INPUT DATA: Begin

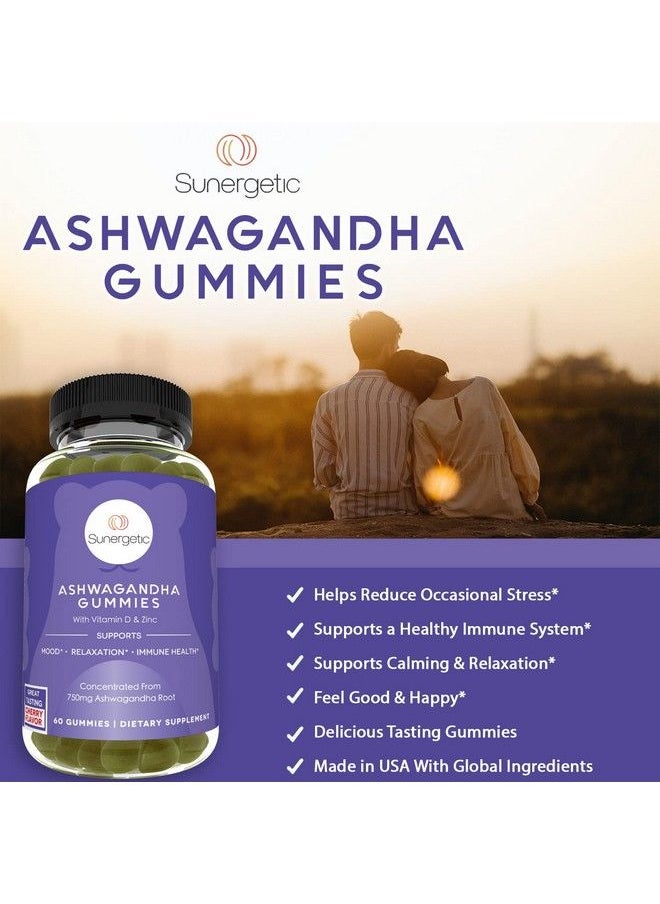 Sunergetic - Premium Ashwagandha Gummies Ashwagandha Supplement With 750 Mg Ashwagandha Root Per Gummy Ashwagandha Complex With Zinc & Vitamin D Supports Immune Health Mood & Relaxation 60 Gummies - Image 1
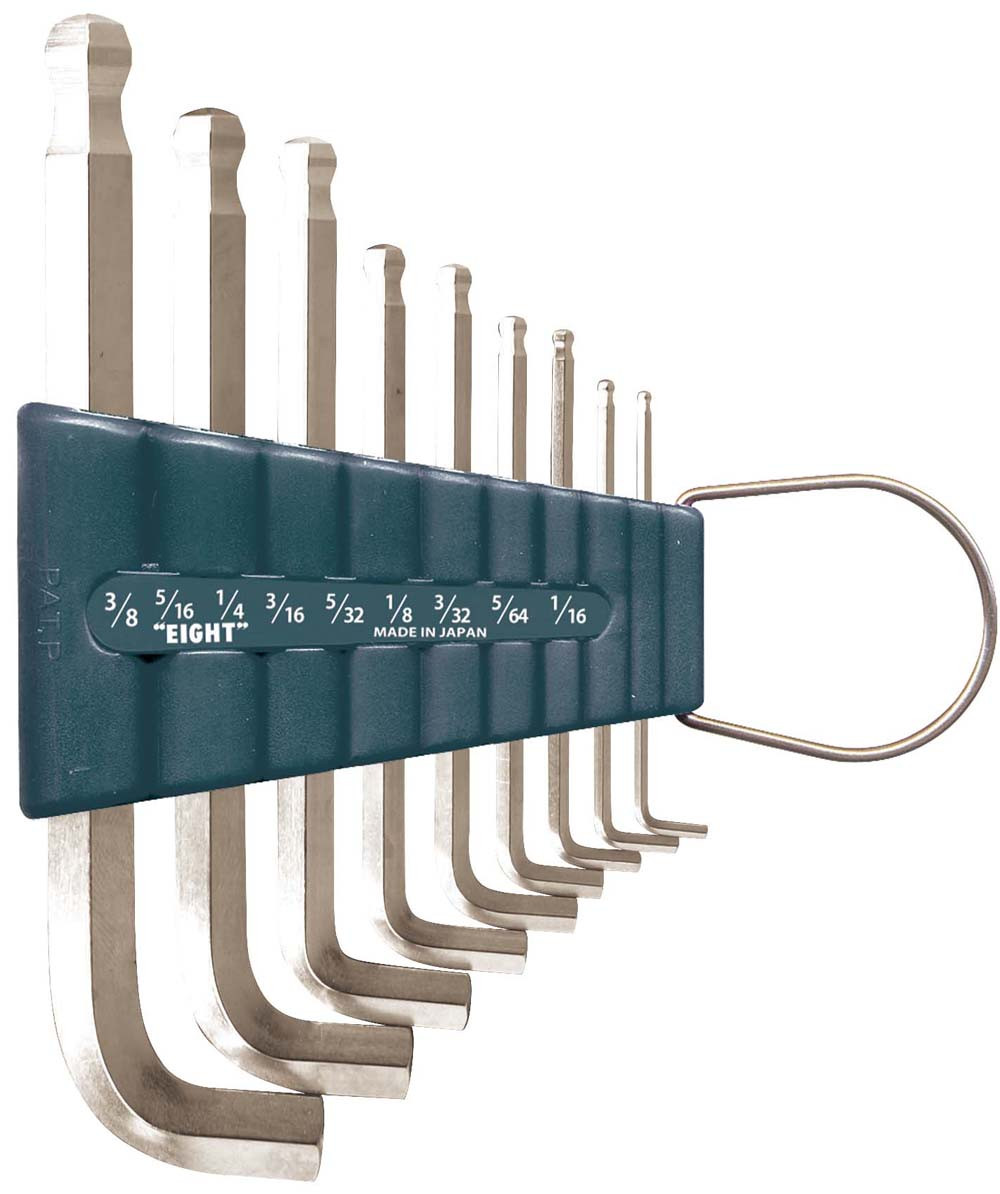 Tapper Key Set Eight Tool TTR-S9Z, Taper Head Short Arm Hex Key 9Pcs. 1/16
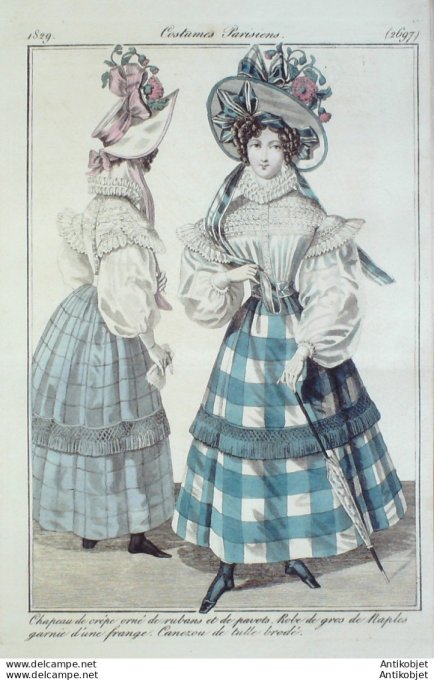 Gravure de mode Costume Parisien 1829 n°2697 Robe gros de Naples Canezou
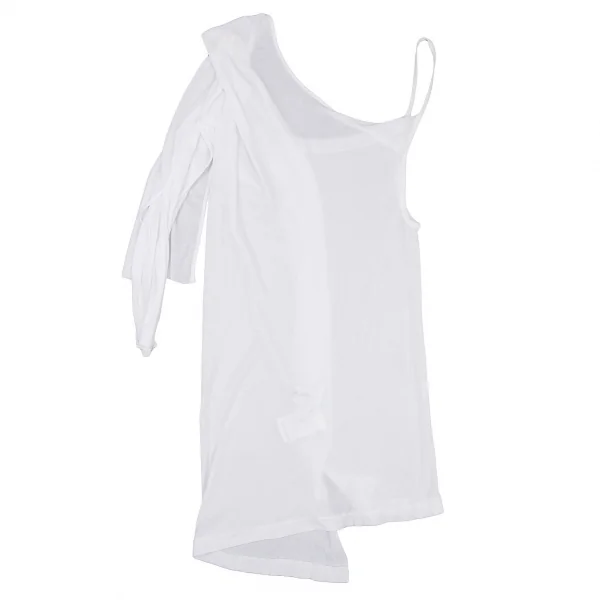 ヨウジヤマモト ファムYohji Yamamoto FEMME コットン変形アシンメトリーキャミソール 白2 K-105293_002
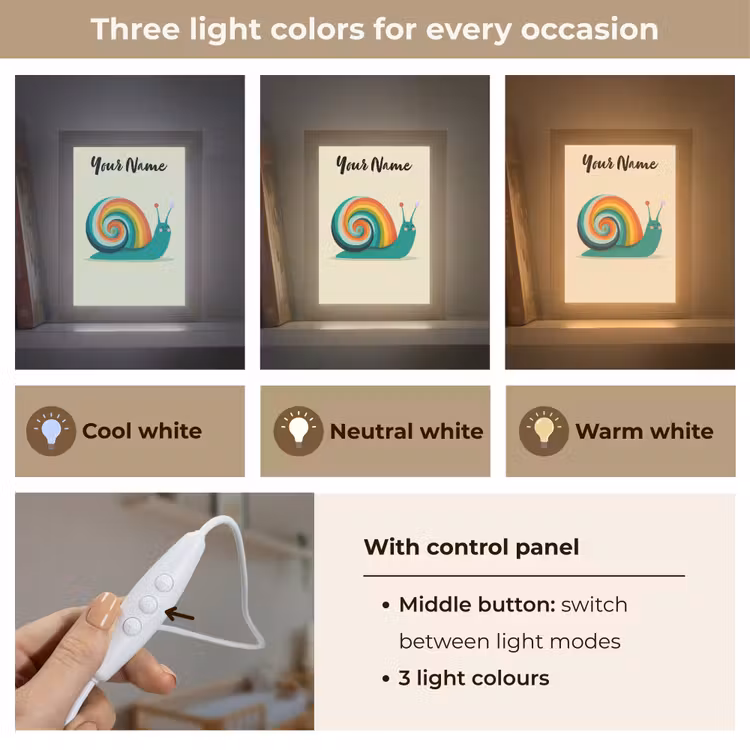 Slak - Regenboogschild - Groen Light Box met kabel (Kinderlampje) klein -USP_lichtkleurEN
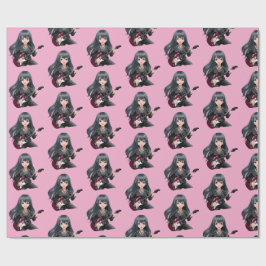 Papel De Regalo Chica emo con cabello negro largo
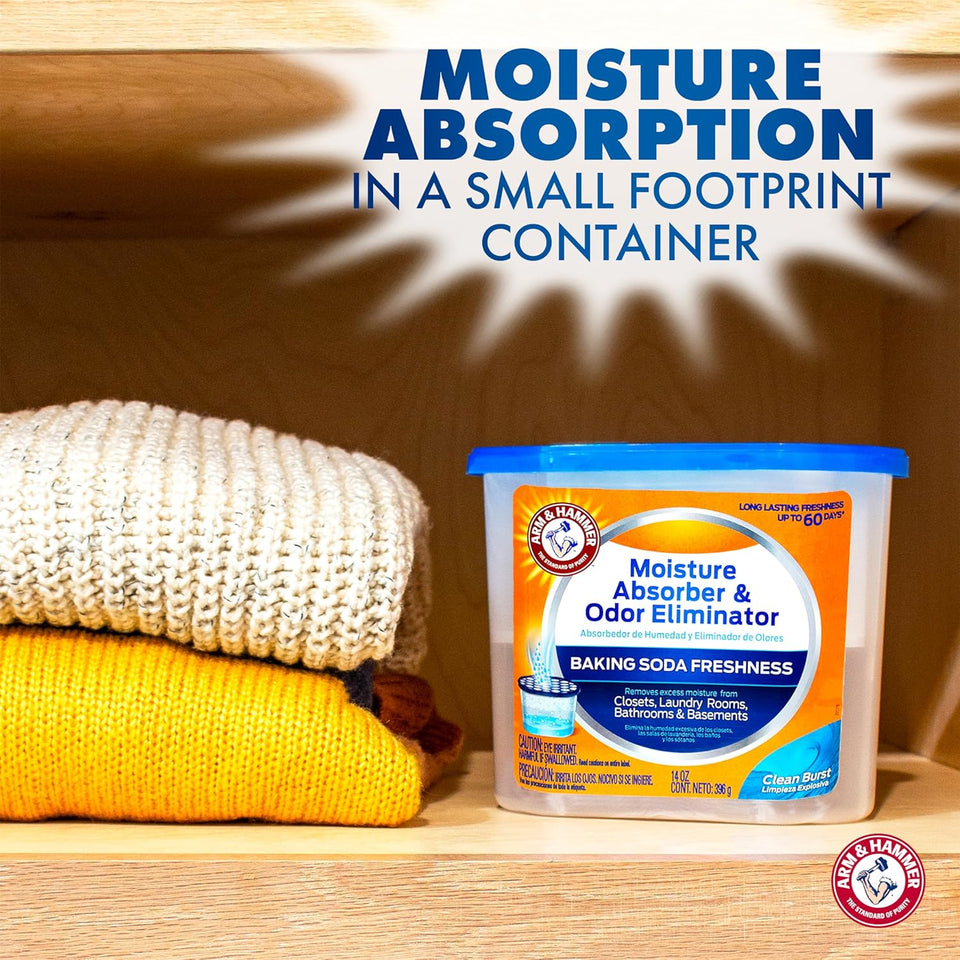 Arm & Hammer Clean Burst Moisture Absorber and Odor Eliminator Tubs, 14 oz, 3 Pack, Attract and Trap Excess Moisture, Eliminate Musty Odors, Convenient and Effective, White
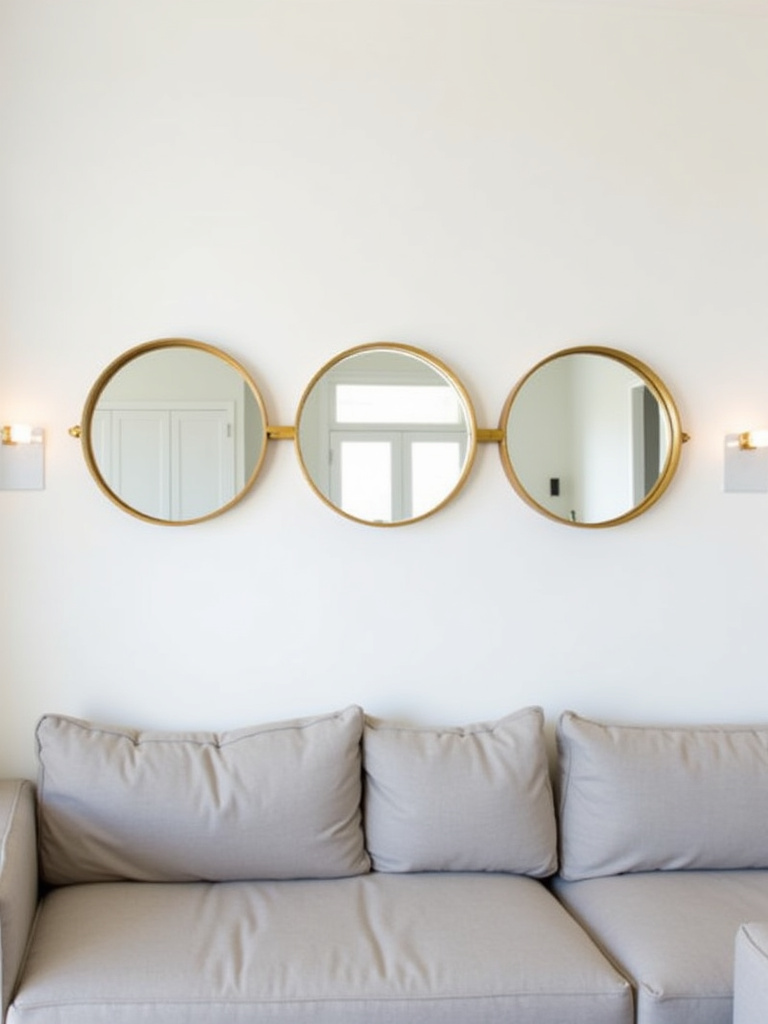 “Trio of round decorative mirrors with gold frames arranged horizontally above a light grey sofa in a contemporary living room.”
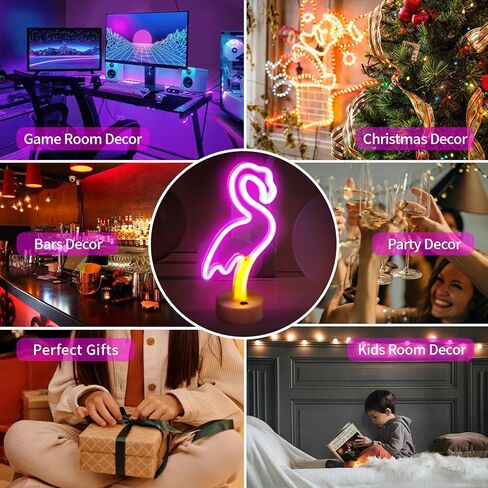 BRIGHTDECK 2 Pack Flamingo Neon Signs, LED Pink Flamingo Neon Sign Battery Operated or USB Powered Decoration Lamp, Flamingo Lights Decor for Bedroom, Wedding, Party, Pink Room Decor in Saudi Arabia
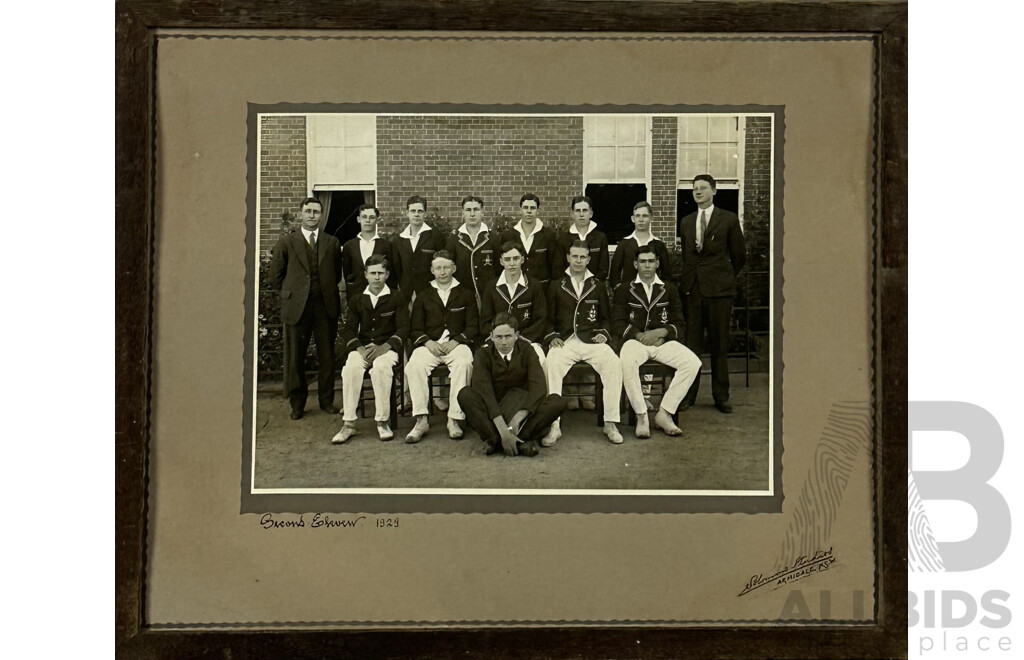 The Armidale School -Tyrell House, Shooting and Cricket Teams, (1927, '28 and '29), Vintage Photographs, Collection of Eight, 27 x 32 cm (frames) (8)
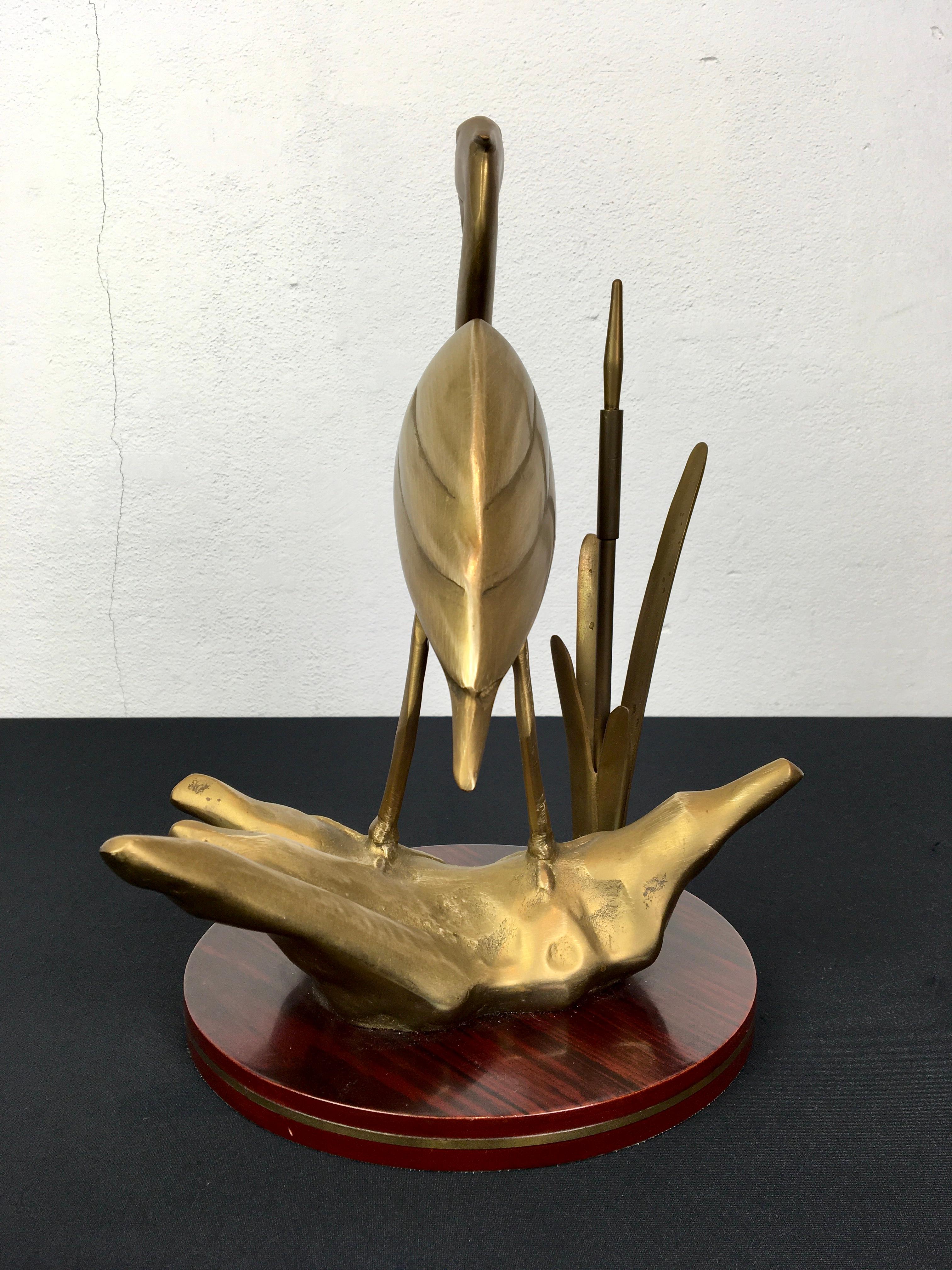 20th Century Pair of Brass Cranes Sculptures on Wood For Sale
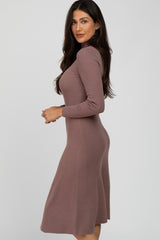 Mauve Mock Neck Flared Midi Dress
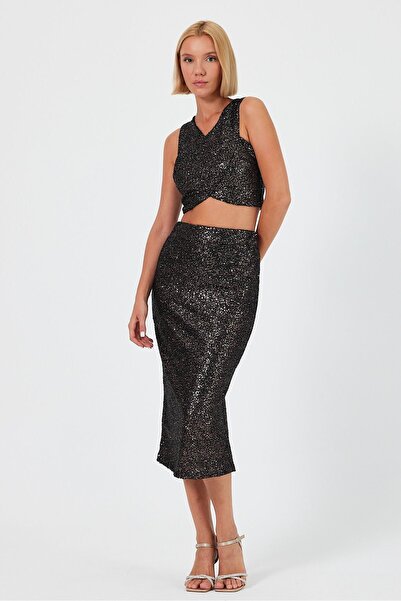 soBasic Комплект от две части - медно оцветена къса блуза и пола - цип на гърба, цепка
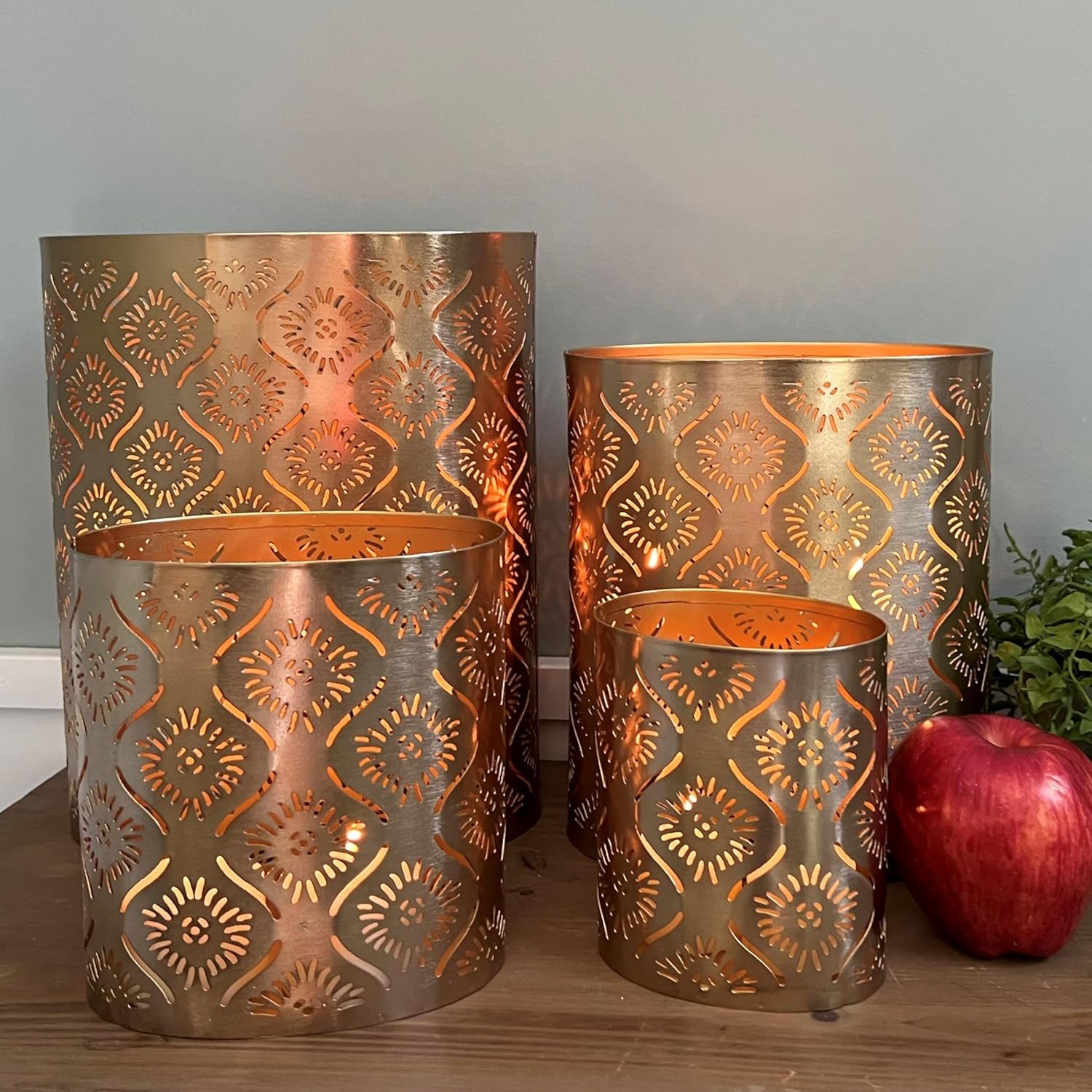 Modernist Metal Candle Holder Set Gold Star Gazer Lattice Set of 4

INPUT DATA: End

| PROBLEM REQUIREMENTS |
The answer must consist of the entries above, reproduced word for word, without any pictures.

| ANSWER FOR THIS EXERCISE |
 Sunergetic - Premium Ashwagandha Gummies Ashwagandha Supplement With 750 Mg Ashwagandha Root Per Gummy Ashwagandha Complex With Zinc & Vitamin D Supports Immune Health Mood & Relaxation 60 Gummies - Image 1
 Tapper Key Set Eight Tool TTR-S9Z, Taper Head Short Arm Hex Key 9Pcs. 1/16
 Gravure de mode Costume Parisien 1829 n°2697 Robe gros de Naples Canezou
 ヨウジヤマモト ファムYohji Yamamoto FEMME コットン変形アシンメトリーキャミソール 白2 K-105293_002
 Slak - Regenboogschild - Groen Light Box met kabel (Kinderlampje) klein -USP_lichtkleurEN
 Papel De Regalo Chica emo con cabello negro largo
 Arm & Hammer Clean Burst Moisture Absorber and Odor Eliminator Tubs, 14 oz, 3 Pack, Attract and Trap Excess Moisture, Eliminate Musty Odors, Convenient and Effective, White
 “Trio of round decorative mirrors with gold frames arranged horizontally above a light grey sofa in a contemporary living room.”
 BRIGHTDECK 2 Pack Flamingo Neon Signs, LED Pink Flamingo Neon Sign Battery Operated or USB Powered Decoration Lamp, Flamingo Lights Decor for Bedroom, Wedding, Party, Pink Room Decor in Saudi Arabia
 The Armidale School -Tyrell House, Shooting and Cricket Teams, (1927, '28 and '29), Vintage Photographs, Collection of Eight, 27 x 32 cm (frames) (8)
 20th Century Pair of Brass Cranes Sculptures on Wood For Sale
 Mauve Mock Neck Flared Midi Dress
 soBasic Комплект от две части - медно оцветена къса блуза и пола - цип на гърба, цепка
 Modernist Metal Candle Holder Set Gold Star Gazer Lattice Set of 4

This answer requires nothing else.